▶ [EXERCISE INPUT]
________
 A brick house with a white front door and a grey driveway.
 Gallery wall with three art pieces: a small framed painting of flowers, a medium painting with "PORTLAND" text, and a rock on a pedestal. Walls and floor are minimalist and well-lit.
________
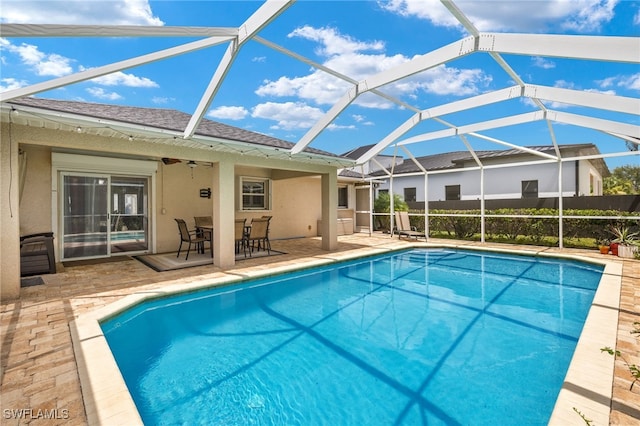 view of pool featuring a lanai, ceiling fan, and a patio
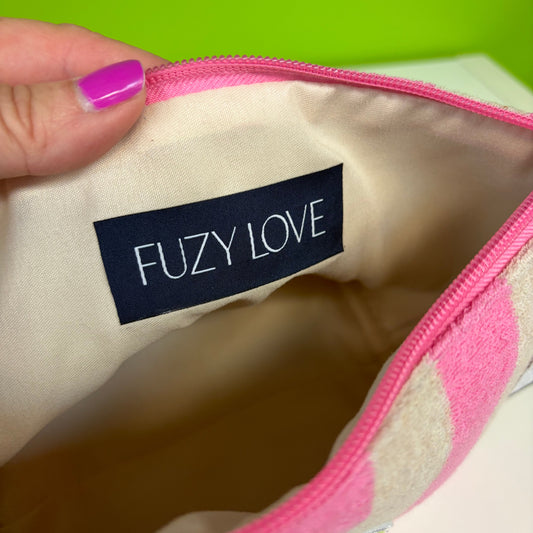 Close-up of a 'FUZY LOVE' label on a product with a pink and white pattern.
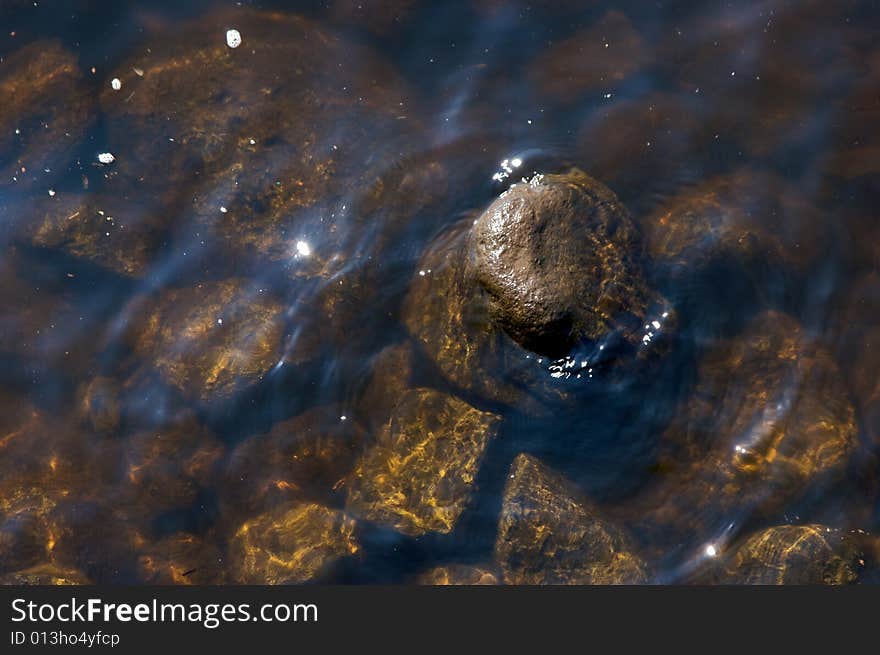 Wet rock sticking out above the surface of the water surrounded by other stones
________
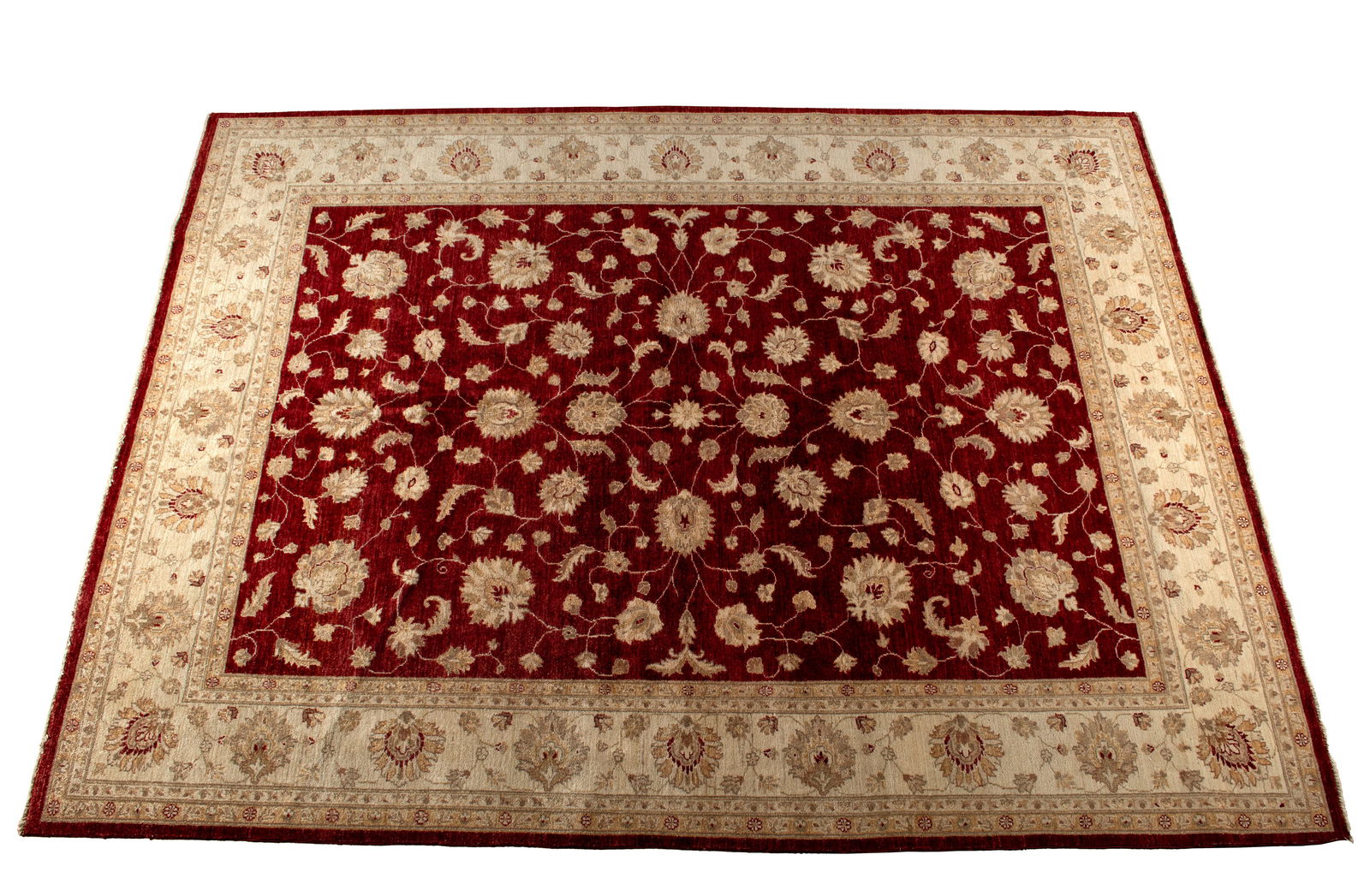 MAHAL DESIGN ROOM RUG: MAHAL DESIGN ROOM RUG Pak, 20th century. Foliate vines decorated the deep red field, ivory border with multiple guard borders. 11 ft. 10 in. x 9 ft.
________
▶ [WORK INSTRUCTIONS] Only the lines above from the one with "Close-up of a" to the one with "Wet rock sticking" should be printed, both included and exactly as written; no picture belongs in the copy.

▶ [ANSWER TO THIS EXERCISE]
 Close-up of a 'FUZY LOVE' label on a product with a pink and white pattern.
 Wet rock sticking out above the surface of the water surrounded by other stones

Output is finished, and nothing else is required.